The growing shift to more reliance on renewable resources for electric generation in California has put nearly 10,000 MW of natural gas-fired generation sources in a state of flux for grid planners in the state.

At a time when federal and state regulators are calling for closer coordination between power grid and gas transmission pipeline operators, the job is getting more complex as evidenced by the latest 378-page draft transmission plan released last Thursday by the California Independent System Operator (CAISO) that included six special reliability studies, one of which was the analysis of possible gas generating plant retirements.

As part of planning scenarios, CAISO identified 9,659 MW of gas-fired generation that are at risk of retiring at a time when the state has moved up its goal for renewable-based power supplies to 50% by 2030, keeping its current goal of 33% renewables by 2020. The state ban on the use of seawater to cool coastal plants is part of what is driving the push for more gas plants to retire.

“The significant amount of new renewable generation being added to the grid is also putting economic pressure on the existing gas-fired generation fleet, especially for those generators not obtaining resource adequacy contracts,” the CAISO report said.

CAISO’s report was in response to this economic uncertainty for gas-fired generators, and it attempted to look at the potential grid reliability issues that could arise from certain plant retirements when certain ancillary services for the grid might be “unduly compromised” by the unfolding changes in the power generation economic landscape.

The report’s focus was on what CAISO analysts’ called “the evolution of the grid to meet a 50% renewable portfolio standard (RPS) by 2030.”

CAISO documents the changing day-to-day operations of both the power and gas grids, and the corresponding need for more flexible capacity in the state’s generation mix. As a result, “capacity insufficiencies occur in early evening after sunset, which is the new peak load time,” the CAISO report said.
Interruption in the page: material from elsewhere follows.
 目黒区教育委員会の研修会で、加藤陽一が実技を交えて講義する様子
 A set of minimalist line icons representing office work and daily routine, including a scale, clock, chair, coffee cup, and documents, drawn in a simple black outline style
These capacity insufficiencies in the grid operations will begin to emerge when retirements for gas generation reach the 4,000 to 6,000 MW range, according to the report, which was prepared with the help of stakeholder meetings held last year and in the first two months of 2017.

As part of the stakeholder feedback, CAISO said there is strong interest in the specials studies, and the grid operator now has “numerous comments” on how it eventually responds to the issues raised in gas plant retirement analysis. Where additional work is needed has been identified.